Entrepreneurs looking to build or expand businesses in Canada need immigration lawyers who understand business. At Abramovich & Tchern, we work with individuals, investors, established companies, new branches or affiliate offices, as well as start-ups. We understand the business side of the Canadian immigration experience.

Entrepreneur Immigration Services

Immigrant entrepreneurs planning to immigrate to Canada have several immigration programs available to them. Our immigration lawyers work with:

  • Immigrant entrepreneurs,
  • Immigrant investors, and
  • Self-employed owners/operators

to design paths to permanent residency that align the business and immigration objectives of our business immigration clients with current legislation and programs. 

We assist immigrant entrepreneurs with all aspects of  business immigration-related applications, including

  • Labour Market Impact Assessments (LMIA),
  • Intra-company transfers,
  • Significant Benefit Applications (C11),
  • Trader and Investor applications under international trade agreements,
  • Reciprocal agreements,
  • Business visits, and
  • After-sales service agreements.

We help our business immigration clients apply for permanent residency under both the federal Express Entry and Provincial Nominee Program economic streams. We also assist with the start-up visa program, which targets immigrant entrepreneurs with the skills and potential to build businesses in Canada and requires a referral from designated organizations such as venture capital funds, angel investor groups, or business incubators.

Confused? We’re not. We know the business immigration landscape, and we understand how immigrant entrepreneurs and business people think.

Talk to us about Express Entry, provincial streams, the start-up visa program, investor programs for immigrants, options for self-employment immigrants and immigrant business investors, letters of support, challenges unique to owners/operators, and what an entrepreneur must do to ensure an application is approved.

Since the Federal Immigrant Investor and Immigrant Entrepreneur programs were shut down in 2014, the majority of our business immigration clients choose to apply for Canadian permanent residence via the Express Entry system.

The process typically starts with obtaining a work permit, and then using the entrepreneur’s arranged employment and, if necessary, their Canadian work experience to gain sufficient CRS points to receive an invitation to apply for permanent residence.

Given the interplay between business and immigration considerations, as well as the complex procedural framework, proper planning is crucial, as is correct completion of the required application forms.

We excel at guiding our clients through the often complex process. When necessary, we work with a team of professionals, including accountants, actuaries, corporate counsel, and business plan writers, to ensure we have the documents necessary for us to present the best possible case at each step of the process.

While most of our clients have fairly well-developed business plans before engaging our immigration law firm, we can introduce clients to business brokers (agents selling businesses) who work across a range of industries, and who can help our clients assess their business options from an immigration perspective.

Once we decide on the best pathway towards permanent residence for our business immigration clients, we prepare a detailed roadmap which sets out the key steps as well as the timelines for completion.

Owner/Operator LMIA Applications

We routinely assist with Owner/Operator LMIA applications, which allow foreign nationals who have a controlling share in a Canadian business (50.1% of share or more) to hire themselves without having to demonstrate a Canadian labour market shortage.

The majority of our Owner/Operator LMIA applications are in the NOC 00  category, Senior Management positions such as Managing Director and Chief Executive Officer.

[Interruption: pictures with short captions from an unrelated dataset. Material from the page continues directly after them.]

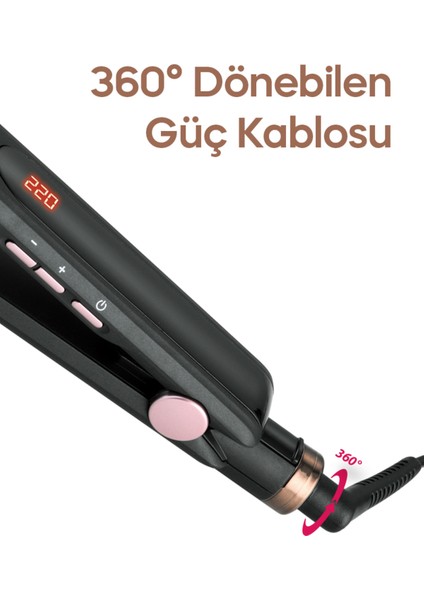 Dijital Saç Düzleştirici, Siyah, Hafif ve Kullanışlı, Profesyonel Kalite fırsatları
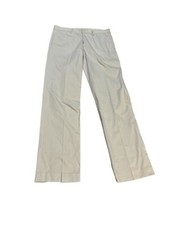 Theory Straight Leg Flat Front Cotton Blend Dress Pants Tan Size 33 Designer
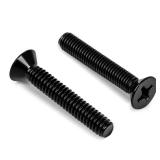 OUSCHR #8-32 x 1-1/4 Black Countersunk Flat Head Machine Screws, Electrical Outlet Screws, Full Thread, 304 Stainless Steel, Black Finish, 50 PCS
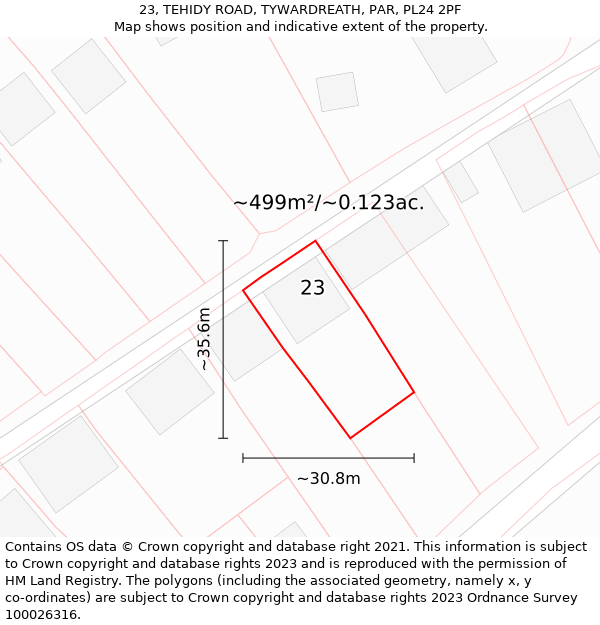 23, TEHIDY ROAD, TYWARDREATH, PAR, PL24 2PF: Plot and title map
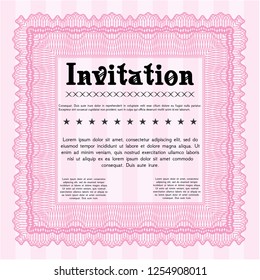 Pink Formal invitation template. Customizable, Easy to edit and change colors. Easy to print. Modern design. 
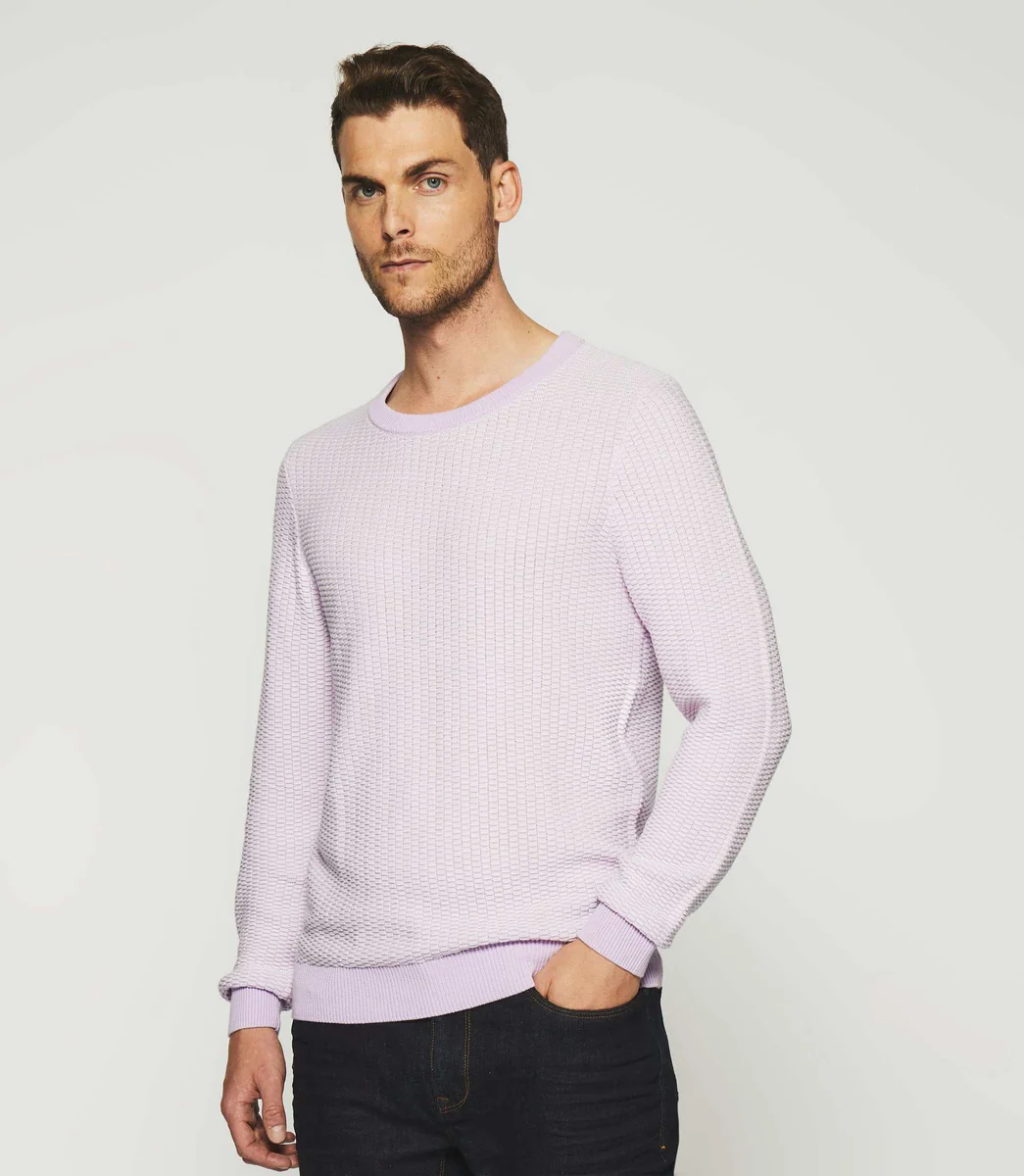 Pull col rond violet parme et écru DAMIAN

This means that upon the LMIA being issued, the individual obtains 200 CRS points for arranged employment.

Intra-Company Transfers

We also assist with intra-company transfers in the start-up context. This stream allows foreign businessmen to transfer themselves to a newly formed Canadian entity. As with Owner/Operator LMIAs, this is typically done within NOC 00 position as the executive and owner is typically first transferring himself to the newly created office. Applications in the start-up context generally require a professionally prepared business plan setting out the key factors and projections with respect to the business, as well as proof of financials, details with respect to leasing or property acquisition plans (some companies start with virtual offices), as well as submissions with respect to the company’s as well as the executive’s qualification for an ICT work permit. One of the key differences between the O/O LMIA, ICT, and C11 applications is the timing of the arranged employment points receipt. With a positive LMIA, the applicant is immediately awarded 50 or 200 points (depending on the NOC code) arranged employment points. With a C11 or an ICT work permit, arranged employment points are awarded after a year of work in Canada provided that the applicant is working for the employer at the time of the application, and the offer of employment is for at least one year in duration.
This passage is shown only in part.